Changes to Qualified Small Business Stock

If you read my newsletter regularly, you likely know that I love qualified small business stock. It feels like such a major tax hack for early-stage employees and investors, and apparently Congress agrees. Embedded in this document, as section 138150, is a little ditty on qualified small business stock:

This provision amends section 1202(a) to provide that the special 75% and 100% exclusion rates for gains realized from certain qualified small business stock will not apply to taxpayers with adjusted gross income equal or exceeding $400,000. The baseline 50% exclusion in 1202(a)(1) remains available for all taxpayers. The amendments made by this section apply to sales and exchanges after September 13, 2021, subject to a binding contract exception.

There are a lot of implications wrapped up into that paragraph. Today, if you hold qualifying stock for five years, sales of the stock are not federally taxable for the first $10M in gains. That’s effectively a $2M tax savings, if you can take advantage of the full exclusion. However, if this change goes through, that potential exclusion gets cut in half to $1M. This is bad news for founders and venture funds who are the most likely candidates to have major windfalls due to QSBS, given the extreme volumes of equity they tend to hold.

Still good news for employees participating in tender offers

The good news for employees is that you can still get some benefit out of this.

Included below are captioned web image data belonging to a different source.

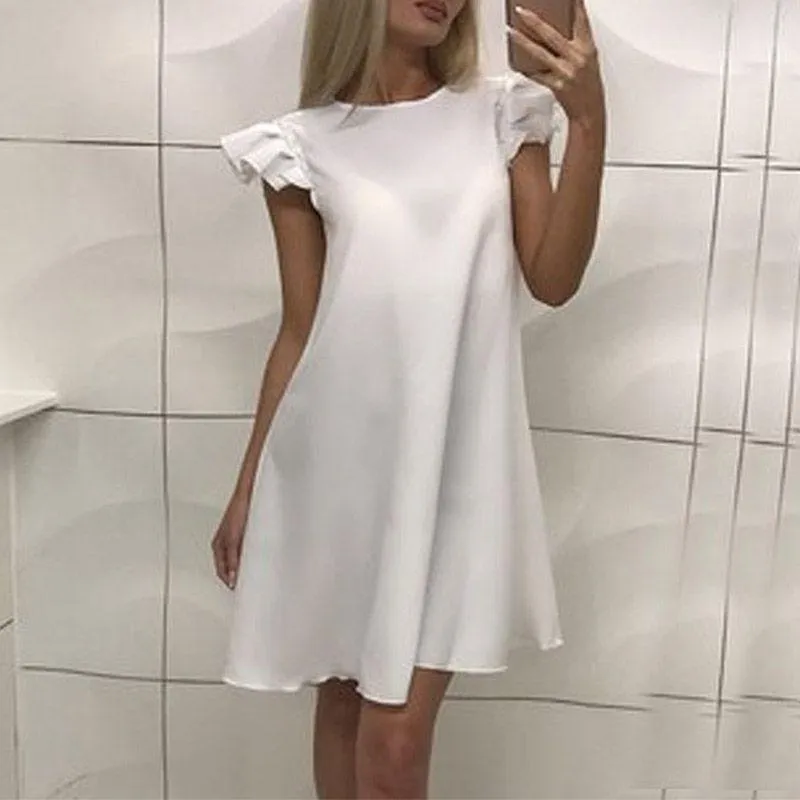 Jolie nouveauté robes d'été simples femmes sans manches col rond Mini robe décontracté solide robe ample femme robes Vestido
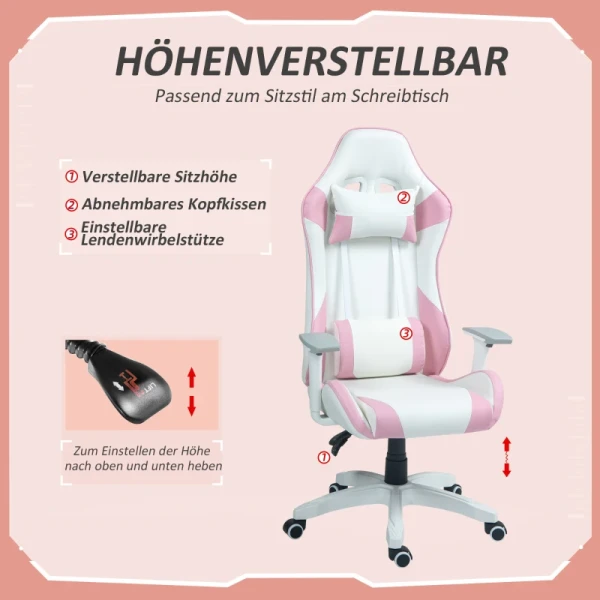 Gamingstoel, Racedesign, Kantelbaar, In Hoogte Verstelbaar, Kunstleer, 67B X 60D X 120-128H Cm, Roze/wit 4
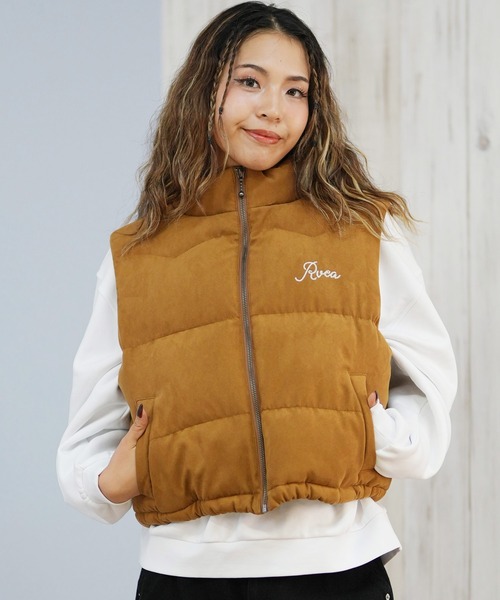 RVCA(ルーカ)の「RVCA/ルーカ DEVON SUEDET PUFFER VEST ベスト BF044-755(ベスト・レディース・ブラウン/ブラック・M/S)」の2枚目の写真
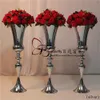 Support de fleurs en métal, Rose Champagne or blanc argent, Vase de support de fleurs de mariage, pièce maîtresse de Table, décoration de fête de mariage, événement 233c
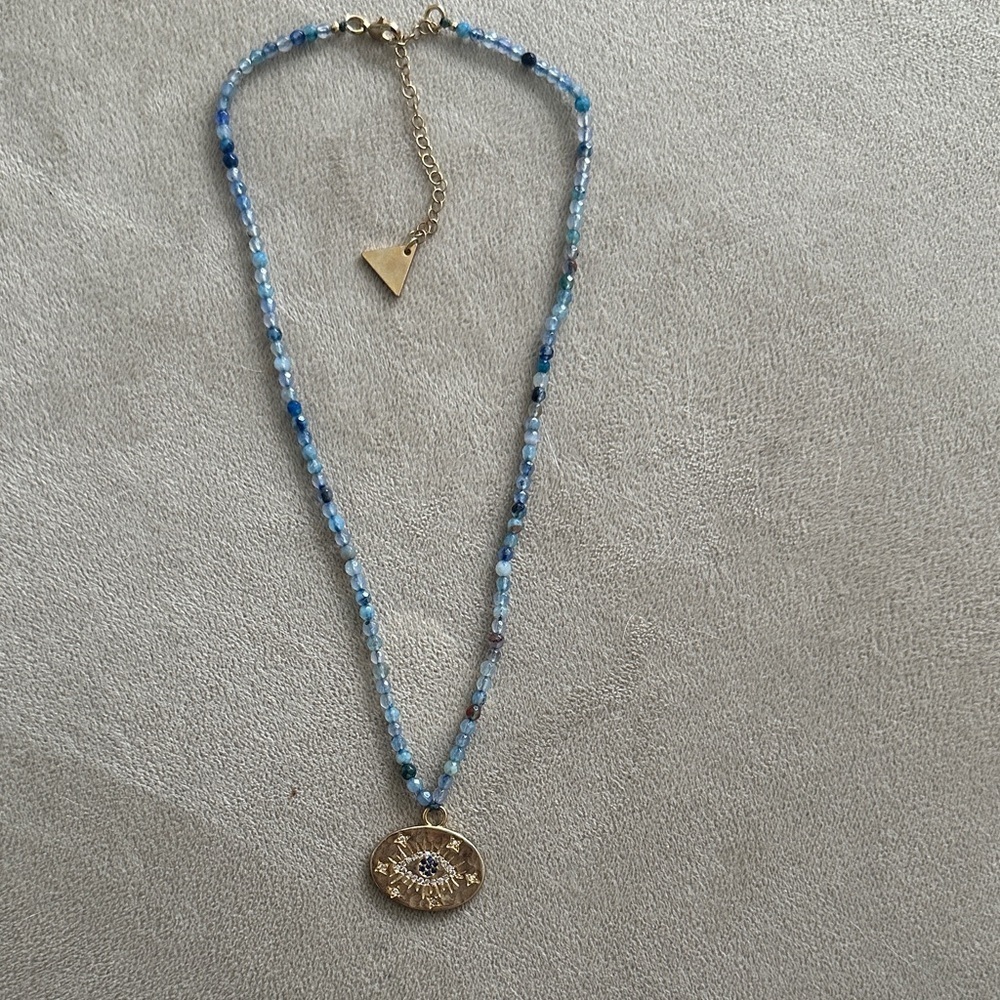 Chic Blue Beaded Necklace with Evil Eye 🧿 Gold Pendant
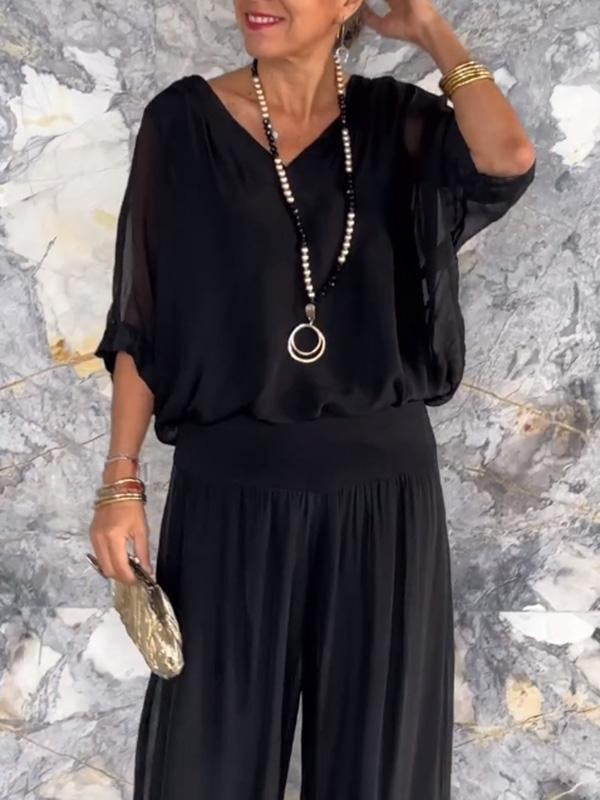 Sorella V-Neck Batwing Wide-Leg Jumpsuit Set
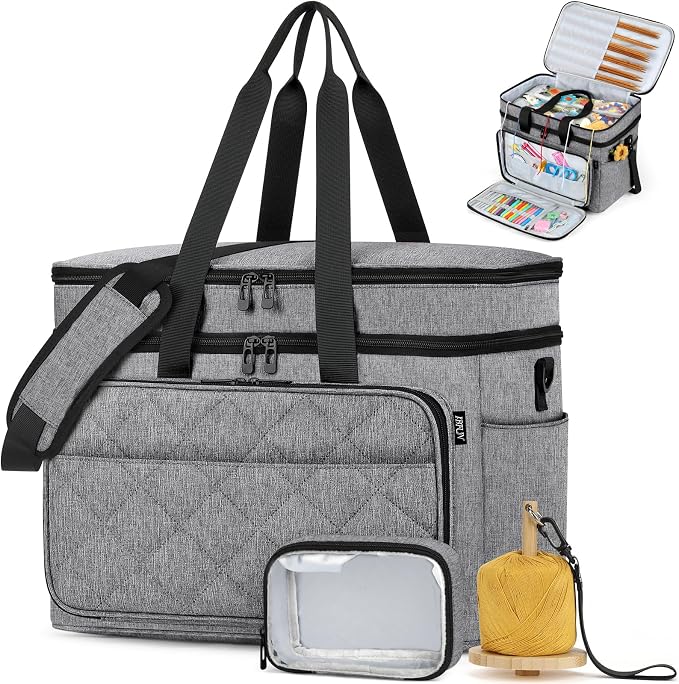 Crochet Organizer Bag with Yarn Holder, Large Yarn Storage for Accessories
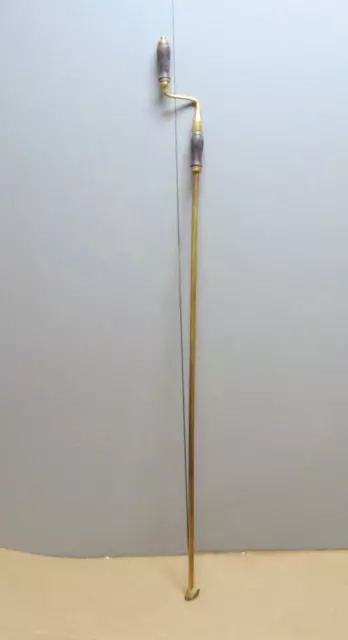 Vintage/Antique Hardwood & Brass Winder Opener Pole Winding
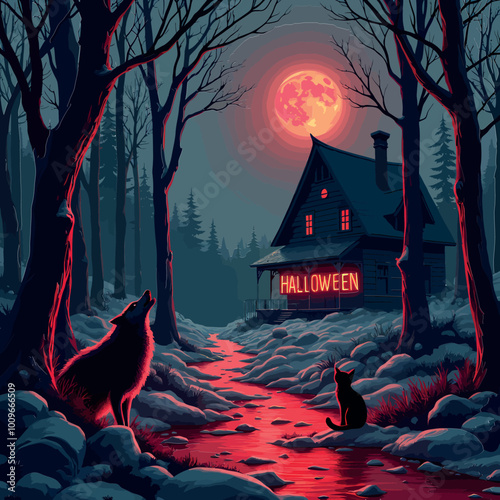 "A Halloween night scene with a haunted house, A large, full moon shines brightly in the sky, a menacing wolf stands howling at the moon. vector illustration2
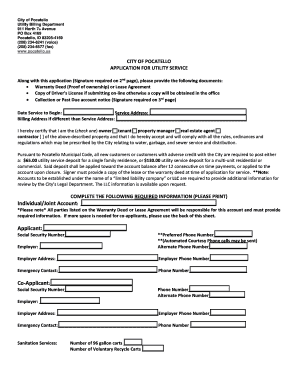 City of Pocatello Utility Service Application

If you keep your adjusted gross income (which is your W2 income, plus any other income you receive, like investment/capital gains income, net of losses) under $400K in a year that you make a QSBS sale, you’ll still get the full 100% exclusion. This is pretty restrictive, because it means you’ll have to do some pretty intense tax planning if you want to aim for those levels, and need to keep your AGI including the sale proceeds below that $400K mark, which limits the amount of QSBS benefit you can get significantly. That said, because organizations are staying private longer, and valuations are skyrocketing faster, many companies start offering internal secondary sales, also called tender offers, to help employees get liquidity sooner. Usually, these tender offers have restrictions on participation: you must have been with the company more than two years, you can only sell 10% of your vested shares, or other similar requirements. The limitation on the number of shares actually plays nicely into this QSBS tax planning -- it means you’re less likely to bump yourself over that $400K boundary, which means you get to keep that 100% exclusion.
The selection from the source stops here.